Out for You steigt dagegen betont straight und simpel ein, zündet über den ansteckenden Refrain sofort als Ohrwurm. Die Texturen aus verträumt perlenden Gitarren und Keyboarde folgen dem zusammenhaltenden Rhythmus als elementare Ingredienz – nicht immer agierte Gender Bender zudem derart zweckdienlich im und für das Songgeschehen.

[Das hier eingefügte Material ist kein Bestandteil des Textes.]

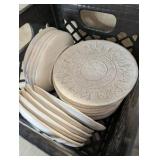 Crate of (25) Maison Versailles Blanc Colette salad plates lot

Der Quasi-Titelsong Don’t Bleed You’re in the Forrest lauert entschleunigt auf der Synthwave-Tanzfläche, abgedämpft und unaufgeregt, wandert wie in Trance durch eine nebulöse Lounge und findet beinahe ein chantendes Ende, bevor das verführerische Now I Know so catchy zeigt, dass die Zappeligkeit der Band mittlerweile keiner nervöse Ästhetik mehr bedarf, sondern gar mit unschuldigen Funk-Nuancen flirten darf. Don’t Bleed ist insofern stilistisch sicher auch Reflexion der Einflüsse der vergangenen Jahre, destilliert diese aber mit eigenwilliger Handschrift, vergisst nicht auf Substanz und Charakter.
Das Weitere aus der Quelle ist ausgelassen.